English writer gifted with a corrosive sense of humour. His novels are amongst the funniest writings I've ever read, sarcasm and black humour aplenty. He places eccentric characters in bizarre situations, often with the most outrageous consequences. The descriptions are hilarious and the psychotic outbreaks of chaos will have you bursting out with laugter, guaranteed.

Novels:
Tom Sharpe was born in 1928. He was educated at Lancing College in Sussex, England and also at Pembroke College in Cambridge. His third novel Porterhouse Blue was loosely inspired by the Cambridge college Peterhouse, which since he never studied there, probably holds this somewhat dubious honour mostly because of its' age and size -- Peterhouse dates back to 1284, and is one of Cambridge's smallest colleges.

He lived in South Africa between 1951 and 1961 at which time he was deported, and returned to England.

His time in South Africa provided the background for his first two books, Riotous Assembly, and the followup Indecent Exposure. Whilst many of Sharpe's novels exhibit a somewhat jaundiced view of the police force, his portrayal of the South African police is both brutal and hillarious (at a strictly misfortune is funny level).

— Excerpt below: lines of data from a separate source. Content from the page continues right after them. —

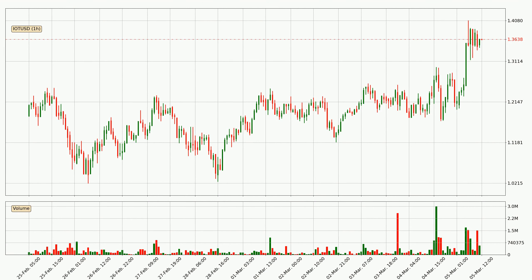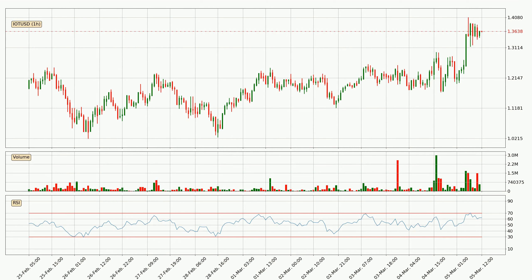Looking at the IOTA hourly time frame, the price moved quickly to the upside with around 12.9% in the last 24 hours, with a current price of 1.36. We can see that the buyers are taking over because the volume was also high, showing that this move was strong.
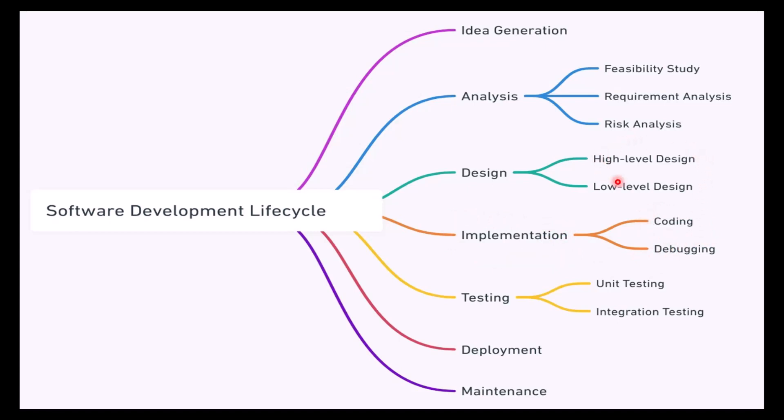The coding will only start once you have the high-level design or low-level design in hand. What goes into high-level and low-level design is, in our context, UML. Then you'll be doing the coding in the implementation phase, and if there's a problem, you start debugging.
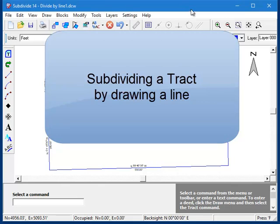The subdivide program provides you with several routines that you can use to subdivide a tract into smaller parcels. In this video I'm going to show you the routine that does it manually by drawing in the dividing lines with the mouse.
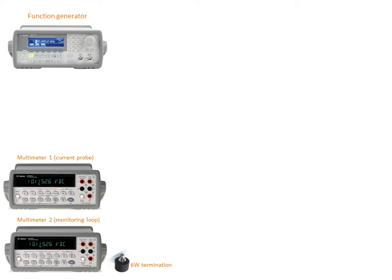The first multimeter is used to read the information coming from a current probe while the second multimeter is used to measure the signal coming from the monitoring loop. For this second device we also need a 6 Watt termination.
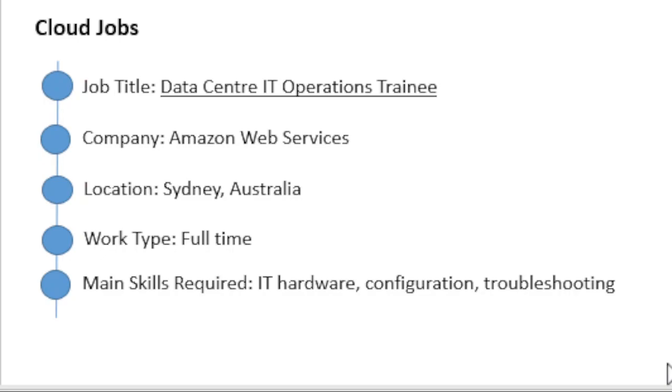They are looking for candidates with basic knowledge of IT hardware, including desktops, laptops, and servers, and its configuration. Basic IT troubleshooting experience and knowledge is required.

Pausing only to lampoon the British Gentry (another favourite target for Sharpe), he produces a withering attack on the attitudes to race in South Africa prior to the fall of Apartheid. It would be wrong to suggest that Sharpe is a social commentator of any kind -- it might be more accurate to class him as a dirty old man with a good knowledge of his target market -- but his works are satire, and politic is present. Indeed, many of his novels seem to suggest some sympathy for Libertarianism, and his worst punishments are usually reserved for his least cynical characters. This isn't to say his writings do not have liberal leanings too, just that he seems to appreciate cynicism. Probably his most well devloped character, that of Henry Wilt, is by the end of the novel, the epitome of cynical liberalism.

A number of Sharpe's novels have been televised, with varying degress of success, and his fith novel, Wilt, was made into a film by British comic duo Mel Smith and Griff Rhys Jones. The film was, IMV, not a very good adaptation of the book, and was not a great success at the cinemas.

Tom Sharpe's novels have also been translated to German, Swedish, and Dutch.